一番高いところになる棟を大棟(おおむね)、大棟から端部に向かって伸びる棟を隅棟(すみむね)
または、下り棟(くだりむね)といいます。
屋根材の継ぎ目から雨水の侵入を防ぐために、棟板金・谷板金という板金が設置されます。
(瓦屋根の場合は、棟板金ではなく棟瓦を使用します。)
棟板金や谷板金は、屋根の部位の中でも傷みやすい部位なので、
定期的に点検を行い、異常がないかチェックをしましょう。
〇谷
谷は、棟とは逆に、屋根面が凹にぶつかる部位のことで、
屋根の面と面をつないだ窪んだ部分をさします。
谷には排水のために通水路を設置しますが、この通水路を「谷樋(たにどい)」と呼びます。

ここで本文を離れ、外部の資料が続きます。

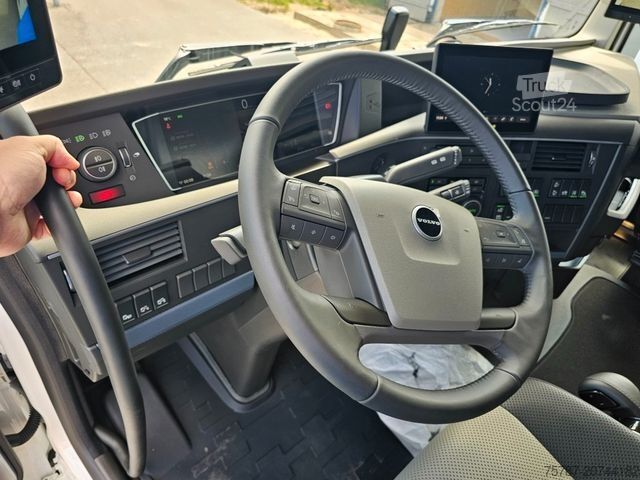 Standard dragbil VOLVO Volvo 460 neues Modell, full Option, 2 Kreis Hyd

谷板金と呼ばれる板金を設置し、雨水を雨樋までスムーズに排水するという役割があります。
〇屋根面
屋根面は、屋根材が設置されている部分のことです。
雨水を受け止めて住まいを雨漏りから守る要の部位で、
粘土瓦等の一部の屋根材を除き、屋根材の表面を塗装で保護することで防水性能を発揮します。
〇破風
破風(はふ)は、屋根の端部にある部位、妻側(建物の棟と直角方向にある両側面のこと)にある
屋根の端の側面部分を破風、そこに付けられている板を破風板といいます。
破風には、横方向から屋根の内側へ雨水が吹き込まないように防ぐ役割があります。
従来は、木材やモルタルが材料で使われてきましたが、
近年は耐久性の高い窯業系や板金を用いることが増えています。
〇鼻隠し
鼻隠しは正面側の軒先に取り付けられます。雨樋がついている側にあります。
破風との一番の違いは、雨樋を設置する下地になっている点です。
鼻隠しに雨樋の支持金具を取り付け、軒樋を設置するのが基本とされています。
破風同様、横方向から雨風が吹き込むのを防いだり、建物の延焼を防ぐ役割があります。
〇けらば
けらばは、妻側(屋根の雨樋がないほう)にある端部のことです。
雨樋のない側の屋根の端、と言い換えることもできます。
雨水が横から吹き込むのを防いだり、日当たりの調整、外壁の劣化防止の役割があります。
ちなみに、屋根の四方全てに雨樋がついている寄棟屋根などの場合には、けらばは存在しません。
〇軒先
軒先は、屋根の先端で壁よりも張り出している部分のことです。
けらばとは逆の軒側の先になります。
よく、ここを利用して洗濯物を干すこともあります。